Colonial Laws About Slavery

The institution of slavery, introduced as we have seen into Virginia, grew at first very slowly. Twenty-five years after the first slaves were landed the negro population of the colony was only three hundred. But the conditions of agriculture and of climate were such that, once slavery obtained a fair start, it spread with continually increasing rapidity. We find the Colonial Assembly passing one after another a series of laws defining the condition of the negro slave more and more clearly, and more and more pitilessly. Thus, a distinction was soon made between them and Indians held in servitude. It was enacted that “all servants not being Christians imported into this colony by shipping shall be slaves for their lives; but what shall come by land shall serve, if boyes or girles, until thirty years of age; if men or women, twelve years and no longer.” And before the end of the century a long series of laws so encompassed the negro with limitations and prohibitions, that he almost ceased to have any criminal or civil rights and became a mere personal chattel.

Slavery in Early New York

In some of the northern colonies slavery seemed to take root as readily and to flourish as rapidly as in the South. It was only after a considerable time that social and commercial conditions arose which led to its gradual abandonment. In New York a mild type of negro slavery was introduced by the Dutch. The relation of master and slave seems in the period of the Dutch rule to have been free from great severity or cruelty. After the seizure of the government by the English, however, the institution was officially recognized and even encouraged. The slave trade grew in magnitude; and here again we find a series of oppressive laws forbidding meetings of negroes, laying down penalties for concealing slaves, and the like. When the Revolution broke out there were not less than fifteen thousand slaves in New York—a number greatly in excess of that held by any other northern colony.

Slavery in Massachusetts

Massachusetts, the home in later days of so many of the most eloquent abolition agitators, was from the very first, until after the war with Great Britain was well under way, a stronghold of slavery. The records of 1633 tell of the fright of Indians who saw a “Blackamoor” in a treetop, whom they took for the devil in person, but who turned out to be an escaped slave. A few years later the authorities of the colony officially recognized the institution. To quote Chief Justice Parsons, “Slavery was introduced into Massachusetts soon after its first settlement, and was tolerated until the ratification of the present constitution in 1780.” The curious may find in ancient Boston newspapers no lack of such advertisements as that, in 1728, of the sale of “two very likely negro girls,” and of “A likely negro woman of about nineteen years and a child about seven months of age, to be sold together or apart.” A Tory writer before the outbreak of the Revolution sneers at the Bostonians for their talk about freedom when they possessed two thousand negro slaves. Even Peter Faneuil, who built the famous “Cradle of Liberty,” was himself, at that very time, actively engaged in the slave trade. There is some truth in the once common taunt of the pro-slavery orators that the North imported slaves, the South only bought them.

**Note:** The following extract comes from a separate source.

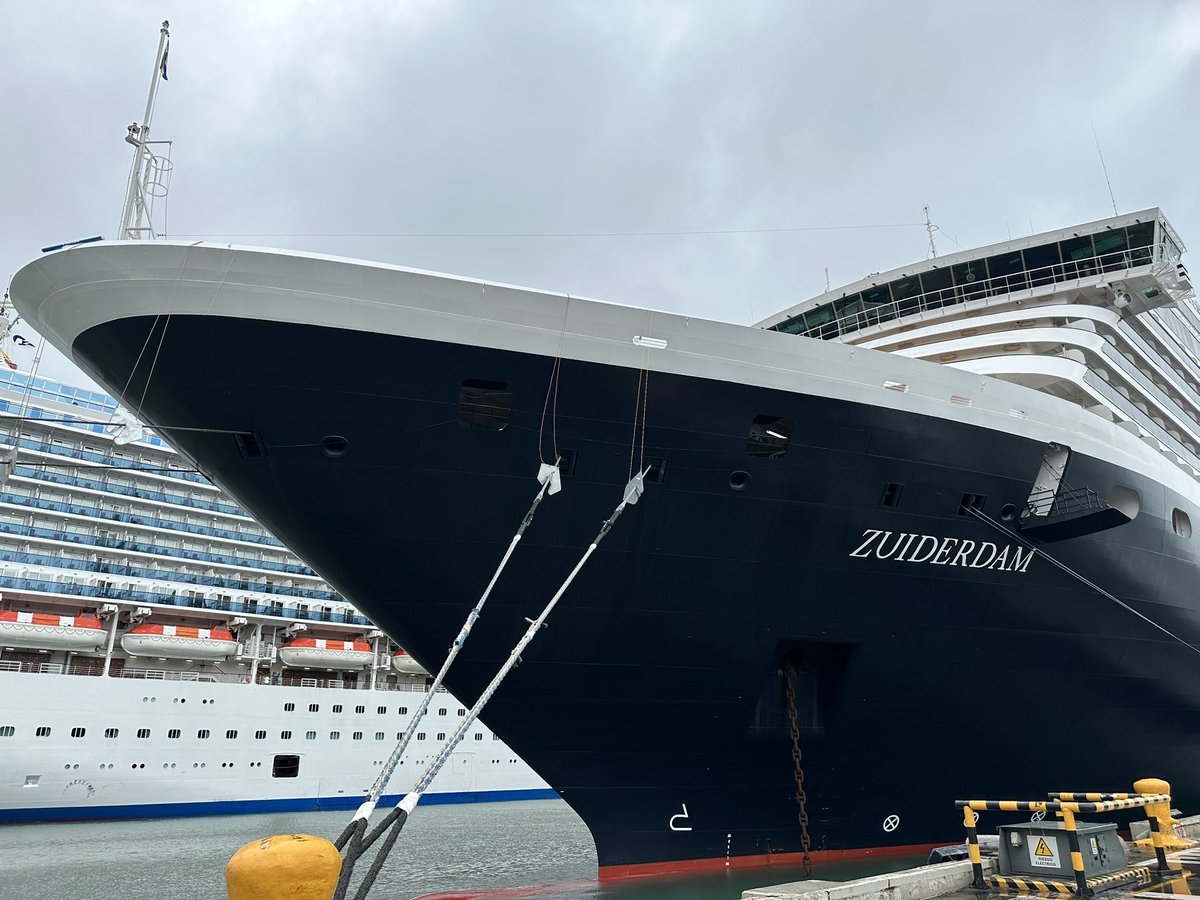 TCsarahbolton's tweet image. 4 ships in #Cartagena port today - @PrincessCruises Caribbean Princess, @HALcruises #Zuiderdam, @Silversea #SilverShadow &amp;amp; @WindstarCruises #WindSurf. Busy day…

Negro Soldiers in the Revolution

As with New York and Massachusetts, so with the other colonies. Either slavery was introduced by greedy speculators from abroad or it spread easily from adjoining colonies. In 1776 the slave population of the thirteen colonies was almost exactly half a million, nine-tenths of whom were to be found in the southern states. In the War of the Revolution the question of arming the negroes raised bitter opposition. In the end a comparatively few were enrolled, and it is admitted that they served faithfully and with courage. Rhode Island even formed a regiment of blacks, and at the siege of Newport and afterwards at Point’s Bridge, New York, this body of soldiers fought not only without reproach but with positive heroism.

Slavery Abolished in the North

From the day when the Declaration of Independence asserted “That all men are created equal, that they are endowed by their Creator with certain inalienable rights; that among these are life, liberty and the pursuit of happiness,” the peoples of the new, self-governing states could not but have seen that with them lay the responsibility. There is ample evidence that the fixing of the popular mind on liberty as an ideal bore results immediately in arousing anti-slavery sentiment. Such sentiment existed in the South as well as in the North. Even North Carolina in 1786 declared the slave trade of “evil consequences and highly impolitic.” All the northern states abolished slavery, beginning with Vermont in 1777, and ending with New Jersey in 1804. It should be added, however, that many of the northern slaves were not freed, but sold to the South. The agricultural and commercial conditions in the North were such as to make slave labor less and less profitable, while in the South the social order of things, agricultural conditions, and climate were gradually making it seemingly indispensable.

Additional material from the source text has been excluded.